Collected data:

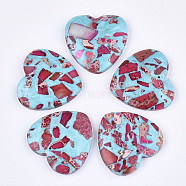 Assembled Synthetic Imperial Jasper and Turquoise Pendants, Dyed, Heart, Deep Pink, 38.5~39.5x40~40.5x7~7.5mm, Hole: 1.4mm(G-S329-071B)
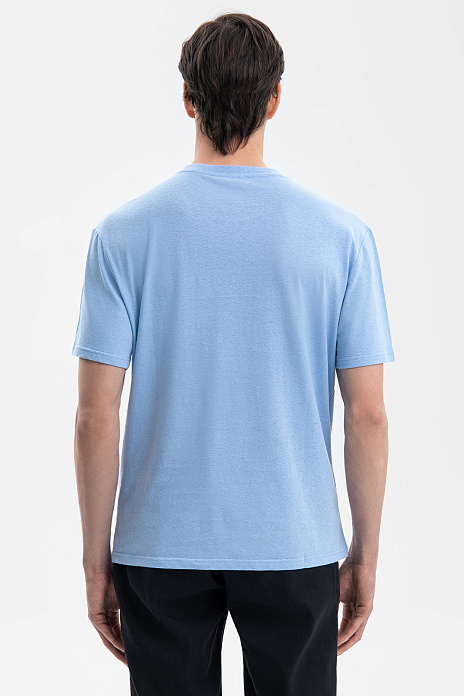 Футболка изо льна и хлопка, цвет Голубой
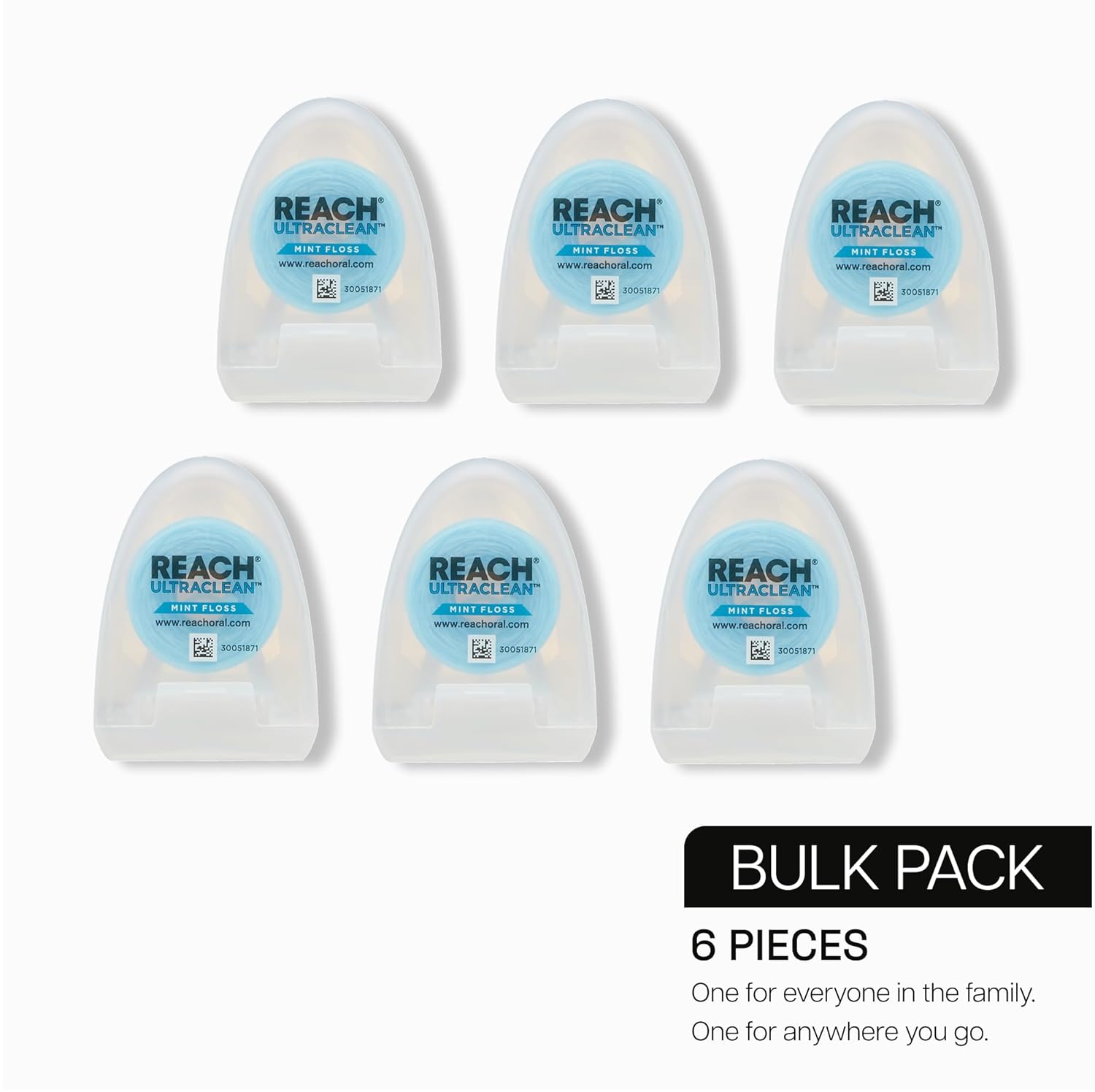 REACH Ultraclean Dental Floss, Mint, Plaque Remover for Teeth, Shred Resistant, Waxed, Easy on Gums & Teeth, Mint, Oral Care, PFAS Free, for Adults & Kids, 6 Pack, 30 yd - Image 6
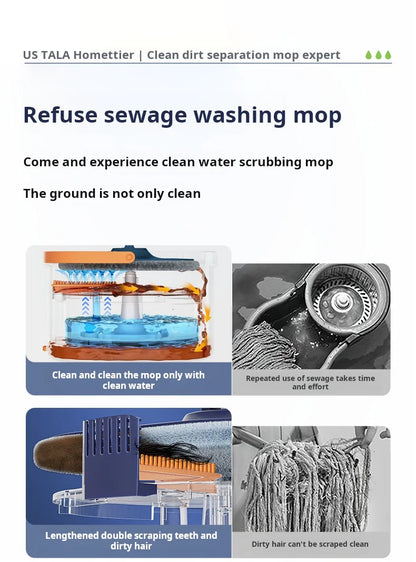 Automatic Lazy Mop, Hand Wash-Free, Home Mop, Flat Pier, New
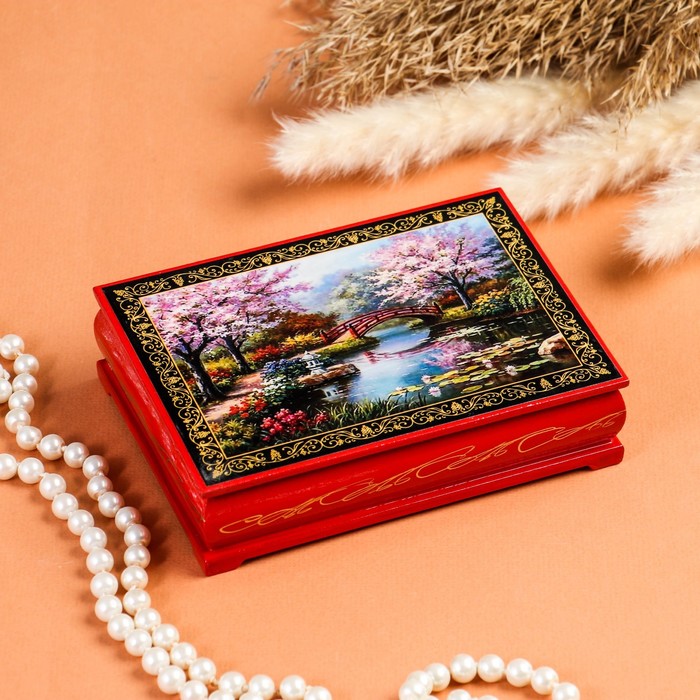 Шкатулка «Цветение сакуры», красная, 10×14 см, лаковая миниатюра - фото 1906925711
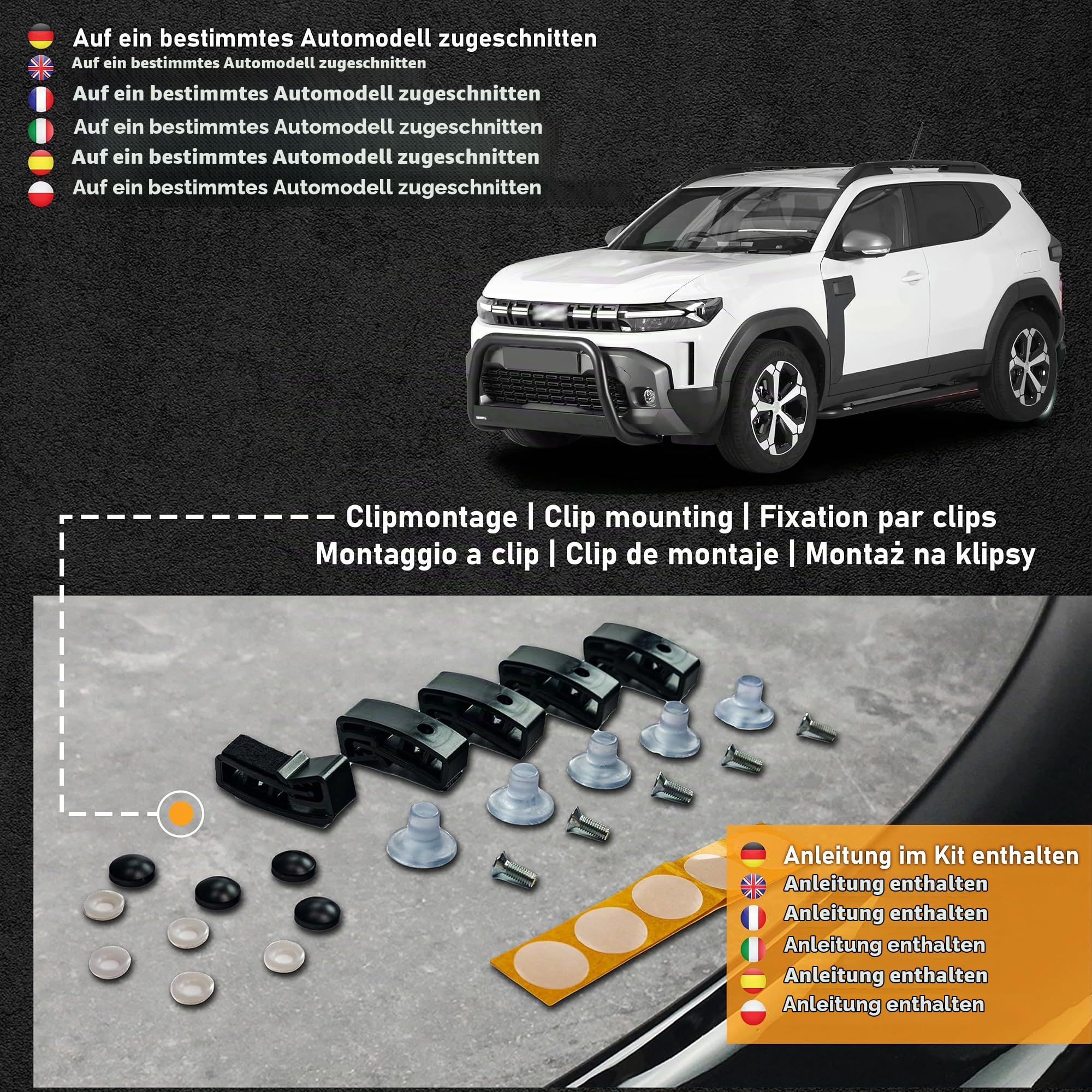 CHROMEMASTER Auto Zubehör; Steinschlagschutz; Motorhaubenabdeckung Kompatibel mit Dacia Duster III 2024+ | ABS, Glänzend, Schwarz; Motorhaubenschutz, Deflektor Schützt die Motorhaube vor Steinen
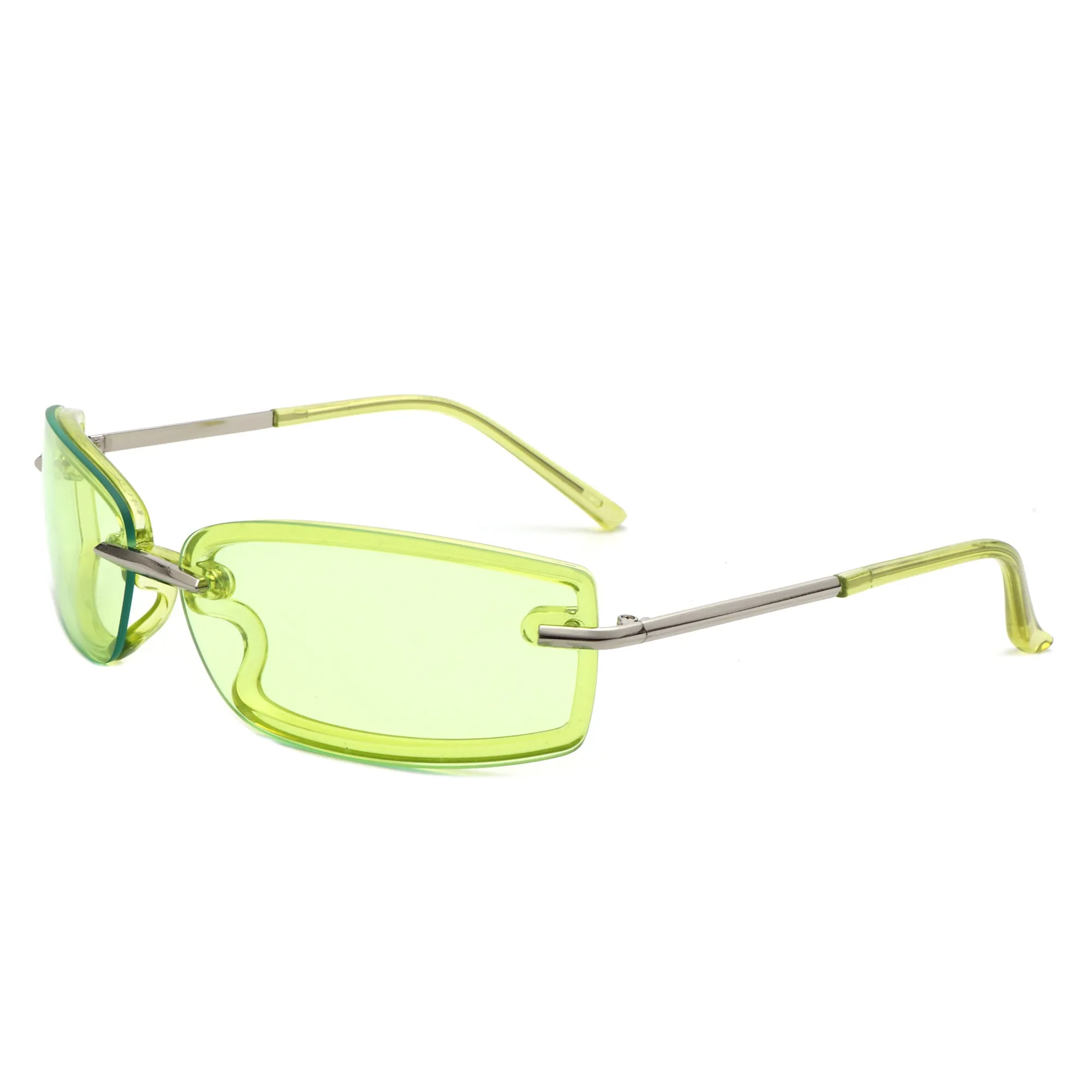 Thalyn - Rectangle Sleek Tinted Sports Color Pop Sunglasses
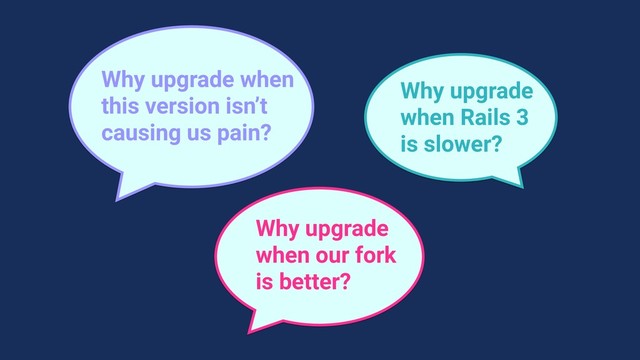 Why upgrade when
this version isn’t
causing us pain?
Why upgrade
when Rails 3
is slower?
Why upgrade
when our fork
is better?
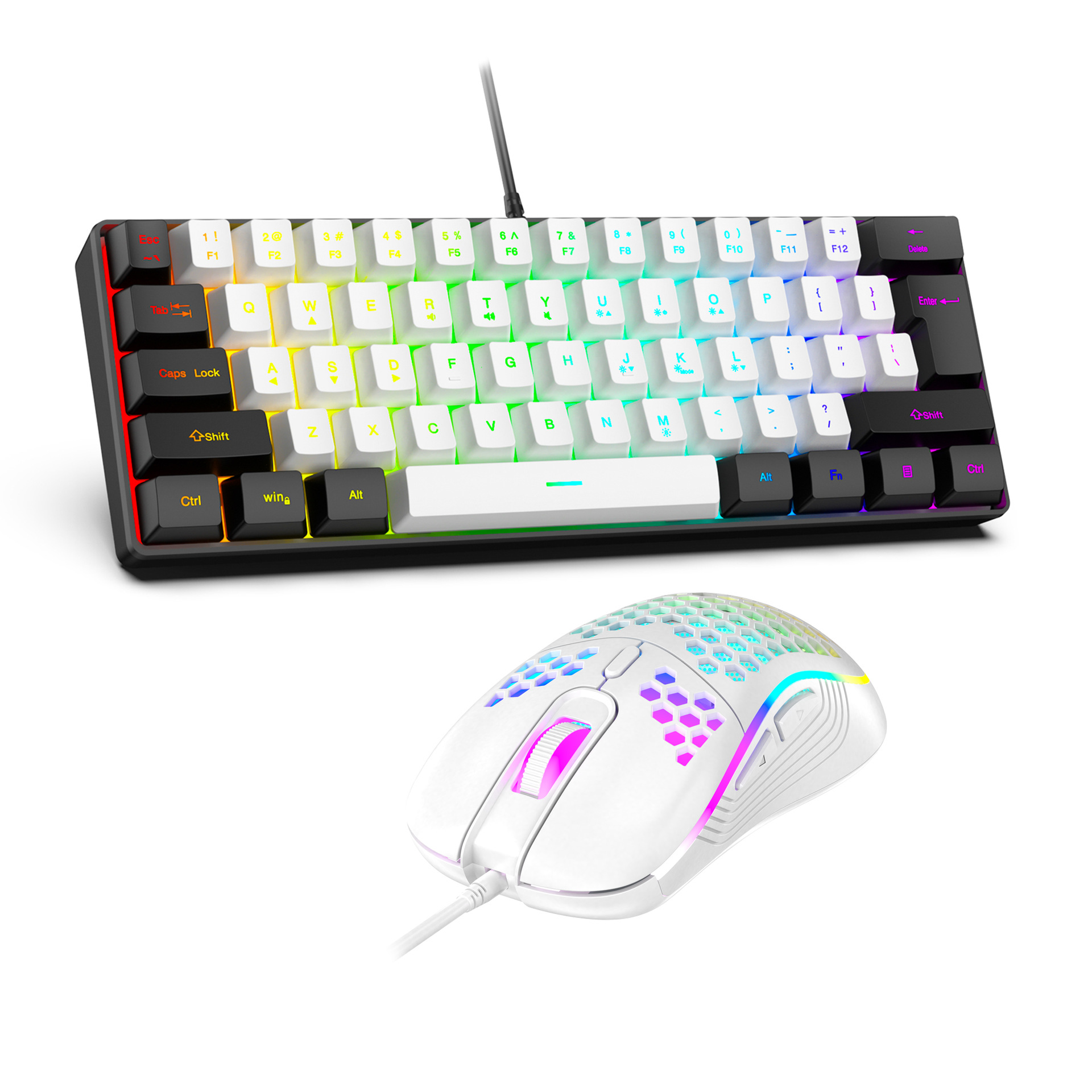 Juego de teclado y mouse con cable para juegos RGB de 61 teclas Teclado de computadora blanco y negro de película no mecánica MINI colorido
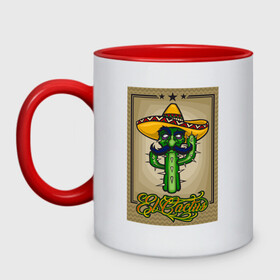 Кружка двухцветная с принтом El Cactus - Кактус Мексиканец в Кировске, керамика | объем — 330 мл, диаметр — 80 мм. Цветная ручка и кайма сверху, в некоторых цветах — вся внутренняя часть | Тематика изображения на принте: cactus | green | humour | mexico | mustache | sand | vegan | vegetable | vegetarian | арт | жара | кактус | комикс | лето | мексика | персонаж | пустыня | сомбреро | усы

§ What you are asked to do:
There should be an exact restatement of the lines from the line with "Футболка изо льна и хлопка, цвет Голубой" through the last line of the entries above, and no pictures in it.

§ Result:
 Футболка изо льна и хлопка, цвет Голубой
 REACH Ultraclean Dental Floss, Mint, Plaque Remover for Teeth, Shred Resistant, Waxed, Easy on Gums & Teeth, Mint, Oral Care, PFAS Free, for Adults & Kids, 6 Pack, 30 yd - Image 6
 Automatic Lazy Mop, Hand Wash-Free, Home Mop, Flat Pier, New
 Шкатулка «Цветение сакуры», красная, 10×14 см, лаковая миниатюра - фото 1906925711
 CHROMEMASTER Auto Zubehör; Steinschlagschutz; Motorhaubenabdeckung Kompatibel mit Dacia Duster III 2024+ | ABS, Glänzend, Schwarz; Motorhaubenschutz, Deflektor Schützt die Motorhaube vor Steinen
 Thalyn - Rectangle Sleek Tinted Sports Color Pop Sunglasses
 Why upgrade when
this version isn’t
causing us pain?
Why upgrade
when Rails 3
is slower?
Why upgrade
when our fork
is better?
 Juego de teclado y mouse con cable para juegos RGB de 61 teclas Teclado de computadora blanco y negro de película no mecánica MINI colorido
 Кружка двухцветная с принтом El Cactus - Кактус Мексиканец в Кировске, керамика | объем — 330 мл, диаметр — 80 мм. Цветная ручка и кайма сверху, в некоторых цветах — вся внутренняя часть | Тематика изображения на принте: cactus | green | humour | mexico | mustache | sand | vegan | vegetable | vegetarian | арт | жара | кактус | комикс | лето | мексика | персонаж | пустыня | сомбреро | усы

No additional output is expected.